= John R. Drexel III =

John Rozet Drexel III (October 6, 1919 – April 13, 2007) was an American sportsman and clubman.

==Early life==
Drexel was born in Manhattan on October 6, 1919. He was the only child of John Rozet Drexel Jr. (1890–1936), and, his first wife, Elizabeth Hough ( Thompson) Drexel (1896–1943), who married in 1918 and divorced in 1924. Shortly after his parents' divorce, his father married Jane Barbour, a daughter of John Robert Taliaferro Barbour and a descendant of President Zachary Taylor, in 1925. From his father's second marriage, he had two half-siblings, David Anthony Drexel (who married Joan Gripenberg, a daughter of G. A. Gripenberg, the Finnish Minister to London, Sweden, and the United Nations), and Jane Barbour Drexel (who married Harry Marshall Vale Jr., and John Porteous II).

His maternal grandparents were James Beaton Thompson. His paternal grandparents were Alice Gordon ( Troth) Drexel and John R. Drexel, the eldest surviving son of financier Anthony Joseph Drexel (founder of Drexel, Morgan & Co with John Pierpont Morgan). His aunt, Alice Gordon Drexel, was a debutante who eloped Captain William Barrett, of the Army Air Service, after which his grandparents relocated to Paris. His uncle, Gordon Preston Drexel, never married and spent "most of his time traveling."

Drexel spent much of his childhood in Neuilly, France, where his grandmother lived, and was educated at St. Mark's School in Southborough, Massachusetts before attending Harvard University, graduated in 1942.

==Career==
Throughout most of his life, Drexel managed his family's finances and directed its philanthropic endeavors, focusing on local hospitals and animal shelters.

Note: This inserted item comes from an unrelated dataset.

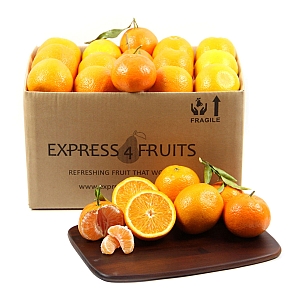 Sweet Orange Gift Box Subscription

===Club and society life===
In New York City, he was a member of the New York Yacht Club, the Knickerbocker Club, Union Club and the River Club. He served on the board of the Good Samaritan Hospital in Palm Beach and on the boards of many clubs, including Spouting Rock Beach Association, Clambake Club and the Reading Room (all in Newport); the Bath and Tennis Club and Everglades Club (both in Palm Beach); and the Jupiter Island Club in Hobe Sound.

==Personal life==
After first meeting at Tuxedo Park, Drexel was married to the Hon. Mildred Sophia Noreen Stonor (1922–2012) at St. James Protestant Episcopal Church in New York on January 11, 1941. the youngest daughter of Mildred Constance Sherman (a daughter of William Watts Sherman) and Ralph Stonor, 5th Baron Camoys, of Stonor Park. Together, they were the parents of:

- Pamela Noreen Drexel (b. 1943), who married stockbroker Bradford Hastings Walker, a stepson of James A. Burden III, in 1966.
- John Rozet "Nick" Drexel IV (b. 1945), who married Pamela Braga, a daughter of sugar merchant B. Rionda Braga, in 1969. After their 1976 divorce, she married J. Carter Brown and he married Mary Jacqueline "Jackie" Astor, a daughter of John Jacob Astor VI and, his second wife, Gertrude Gretsch, in 1984.
- Noreen Elizabeth Mildred Drexel (b. 1961), who married lawyer William John O'Farrell in 1990.

The Drexels lived in New York City, Palm Beach, and Newport, Rhode Island. The Duke of Windsor and his wife, Wallis, Duchess of Windsor, were frequent guests at the Drexels' homes. Upon the death of his mother-in-law, Lady Camoys, in 1943, they inherited the Stonor's Newport residence, Stonor Lodge, which burnt down in 2016. His wife helped restore Cardines Field in Newport. In 1999, she received an Honorary Doctorate of Humane Letters from Salve Regina in 1999.

Drexel died of heart-failure at his home in Newport on April 13, 2007. His widow died in Newport on November 6, 2012, after suffering a stroke.

===Descendants===
Through his son Nick, he was a grandfather of Nicholas Astor Drexel (b. 1987), whose godparents included John Astor, 3rd Baron Astor of Hever and Lady Hever (the former Fiona Diana Lennox-Harvey).